### Task details
Copy exactly the stretch of lines from the one holding "this 120×90 image." through the last line of the data below, inclusive. Leave out pictures.

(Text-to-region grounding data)
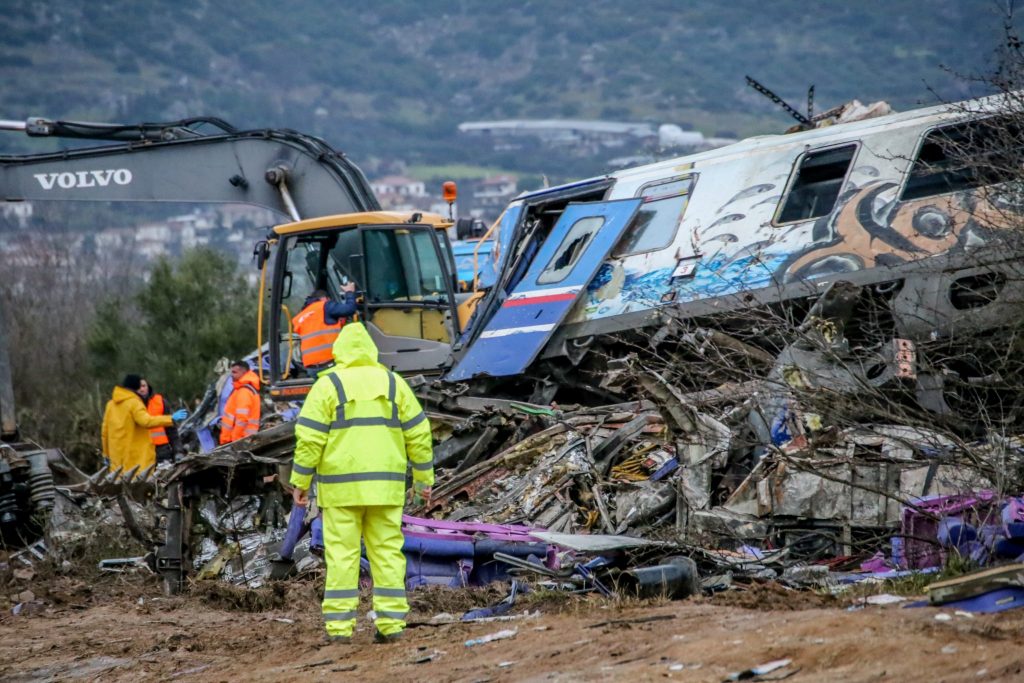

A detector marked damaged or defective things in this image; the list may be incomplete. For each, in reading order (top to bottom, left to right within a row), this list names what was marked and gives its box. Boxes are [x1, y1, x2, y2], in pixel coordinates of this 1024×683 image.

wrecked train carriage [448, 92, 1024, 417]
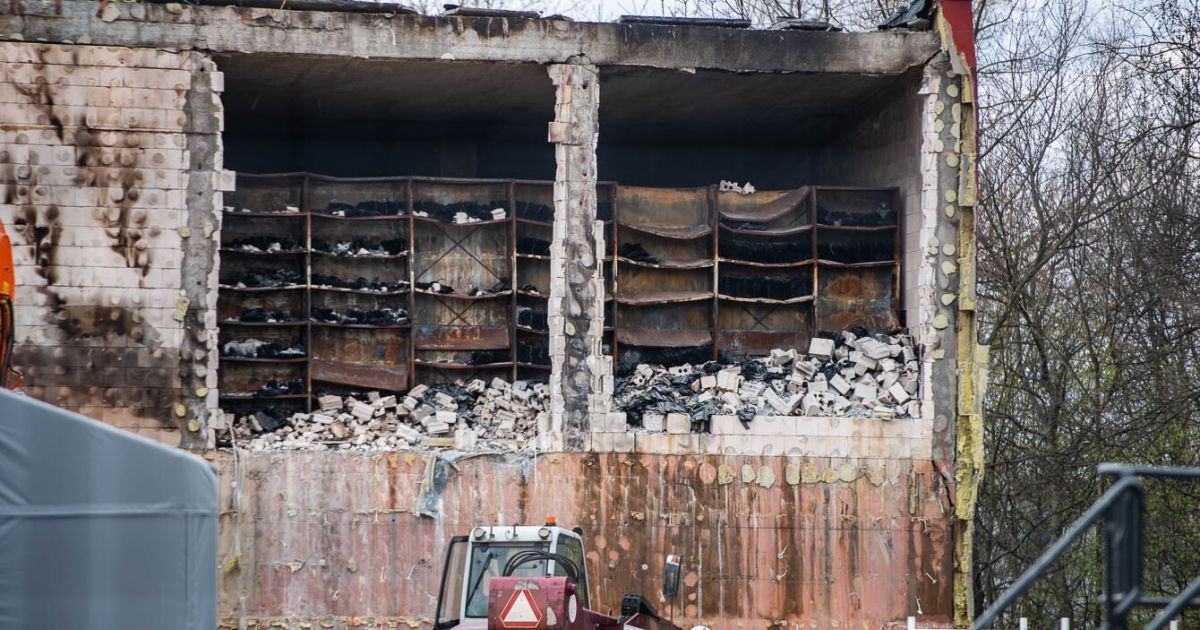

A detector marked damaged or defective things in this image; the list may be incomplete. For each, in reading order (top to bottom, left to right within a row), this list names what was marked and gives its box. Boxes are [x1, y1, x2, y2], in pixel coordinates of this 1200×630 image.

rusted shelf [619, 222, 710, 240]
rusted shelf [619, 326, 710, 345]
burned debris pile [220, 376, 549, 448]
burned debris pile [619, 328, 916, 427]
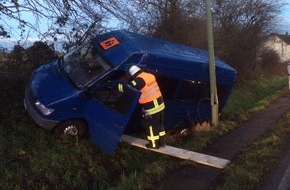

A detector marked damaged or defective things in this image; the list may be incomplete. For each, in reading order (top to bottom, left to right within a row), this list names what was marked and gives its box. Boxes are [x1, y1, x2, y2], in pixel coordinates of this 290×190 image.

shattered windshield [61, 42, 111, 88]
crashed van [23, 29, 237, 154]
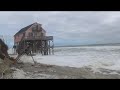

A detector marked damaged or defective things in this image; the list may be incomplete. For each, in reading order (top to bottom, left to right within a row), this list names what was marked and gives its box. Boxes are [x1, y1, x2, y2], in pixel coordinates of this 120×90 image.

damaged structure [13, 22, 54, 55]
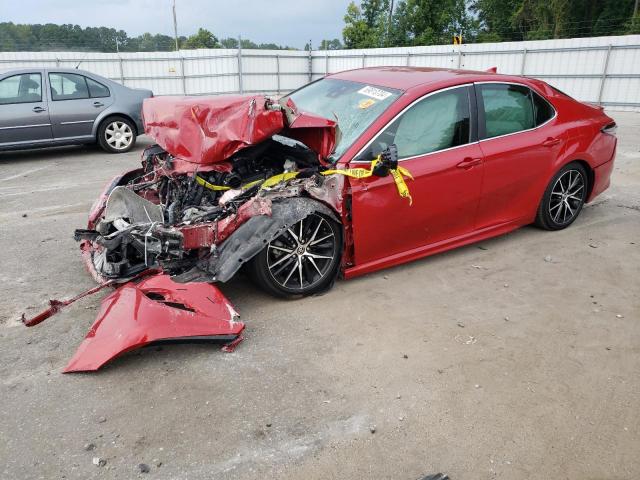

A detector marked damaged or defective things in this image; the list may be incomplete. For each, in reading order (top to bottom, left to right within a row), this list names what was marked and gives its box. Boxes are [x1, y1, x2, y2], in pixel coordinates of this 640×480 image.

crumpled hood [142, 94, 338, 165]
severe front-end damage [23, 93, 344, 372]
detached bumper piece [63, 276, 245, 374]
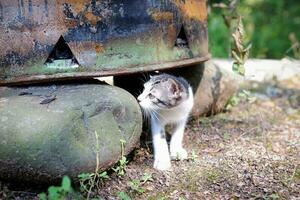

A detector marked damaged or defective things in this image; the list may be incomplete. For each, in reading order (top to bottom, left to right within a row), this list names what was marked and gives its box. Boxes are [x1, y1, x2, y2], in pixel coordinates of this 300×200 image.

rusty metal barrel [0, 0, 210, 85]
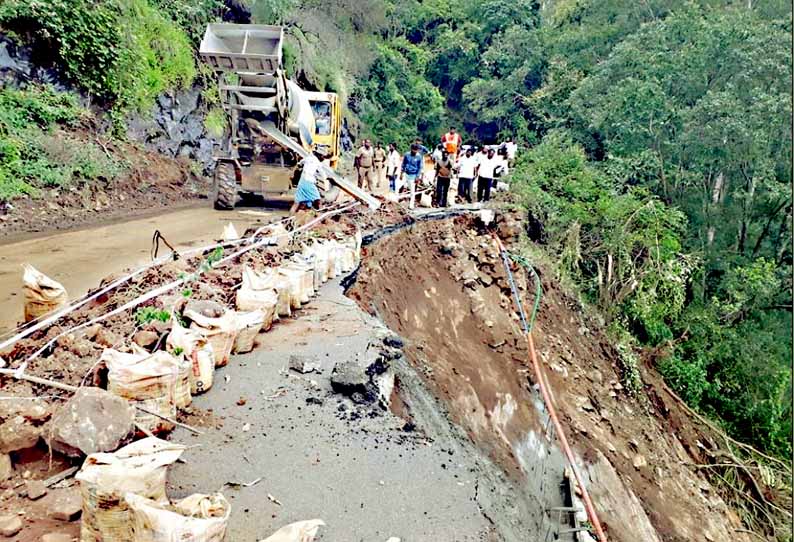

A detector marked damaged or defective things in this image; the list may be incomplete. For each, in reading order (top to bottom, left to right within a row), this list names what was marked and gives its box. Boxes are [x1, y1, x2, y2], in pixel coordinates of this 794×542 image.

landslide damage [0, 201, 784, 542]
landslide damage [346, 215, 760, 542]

### Solution
A detector marked damaged or defective things in this image; the list may be incomplete. For each, in reading order (top to bottom, left to right within a row), this list names what was marked and gives its box. Boxes are [x1, y1, x2, y2], in pixel coordinates of this 120×90 image.

damaged structure [13, 22, 54, 55]

A detector marked damaged or defective things in this image; the list may be incomplete. For each, in reading order (top to bottom, left to right within a row), this list names what was marked and gives its box. Boxes are [x1, y1, x2, y2], in pixel coordinates of this 640×480 image.

crumpled hood [142, 94, 338, 165]
severe front-end damage [23, 93, 344, 372]
detached bumper piece [63, 276, 245, 374]

A detector marked damaged or defective things in this image; the list may be incomplete. For each, in reading order (top to bottom, left to right within a row), this list names what was marked and gives its box. Boxes are [x1, y1, x2, y2], in pixel coordinates of this 300×200 image.

rusty metal barrel [0, 0, 210, 85]

A detector marked damaged or defective things in this image; the list may be incomplete. For each, in reading order (top to bottom, left to right within a row), this list names what was marked and gives its box. Boxes are [x1, y1, x2, y2], in pixel coordinates of this 794×542 image.

landslide damage [0, 201, 784, 542]
landslide damage [346, 215, 760, 542]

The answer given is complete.